An international team of researchers has finally clarified the origin of and processes which form planetary rings around two minor planets known as centaurs. Their findings suggest that there’s a strong possibility we’ll see such rings around future centaurs.

Artistic impression of a centaur and its ring system.
Image credits ESO/L. Calçada/Nick Risinger.

Centaurs are small celestial bodies that orbit between Jupiter and Neptune. Their current or past orbits repeatedly cross with those of gas giants, and sometimes pass very close by the planets themselves. Because they share characteristics of both comets and asteroids, they’re named after the mythological centaurs of old, creatures with a dual nature — the upper body of a human and the lower body of a horse.

In 2014, scientists studying the occultation effect of these centaurs were surprised to discover ring systems around Chariklo, the largest centaur we know of with (approximately 250-kilometre radius).

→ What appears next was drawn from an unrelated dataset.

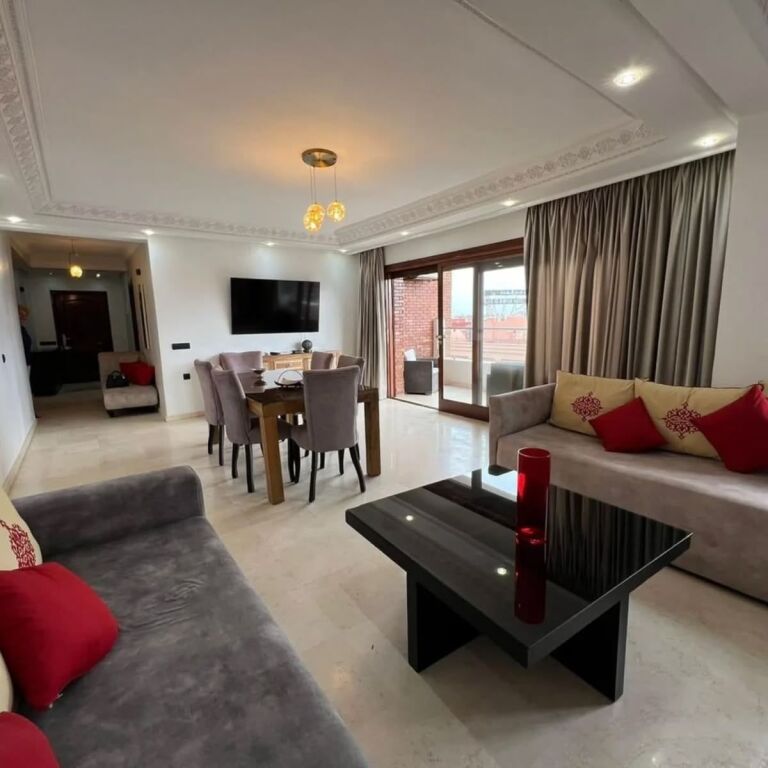 Near the American embassy, a 2+1+2 apartment is for rent.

Chiron, a slightly smaller centaur with a 220-kilometre-radius, is also suspected to have a similar ring system. Their origin and formation remained shrouded in mystery, though, as we’ve only seen rings around huge gas giants such as Saturn or Jupiter before and thought massive gravitational forces are needed to generate the material that forms such rings.

Now, an international team of astrophysicists thinks they’ve discovered how the small centaurs got their rings. The team began by estimating the probability that the bodies passed close enough to a gas giant to be ripped apart by their tidal pull — the results showed that roughly 10% of centaurs would go through such an encounter.

They then used computer simulations to model the effect gravitational forces would have on the centaurs as they passed close to a gas giant. The results would vary considerably based on several factors, such as the centaur’s initial spin, it’s core size, and the distance of approach to the planet.

But if the conditions were just right — if the centaur is differentiated (its center and mantle are made of different materials), specifically if it has a silicate core covered with ice, bits and pieces of it will often spread out in a disc shape around the largest remnant piece. Over time, this would stabilize into a planetary disk.

A disk like this.
Image credits Astronomy Now.

The team’s results show that rings form around centaurs much more readily than we believed. So it’s highly likely we’ll see more ringed centaurs or small moons once we go out there.

Which is fortunate, because they seem very pretty.

The full paper “Formation of the Centaurs’ Rings through their Partial Tidal Disruption during Planetary Encounters” has been published in The Astrophysical Journal.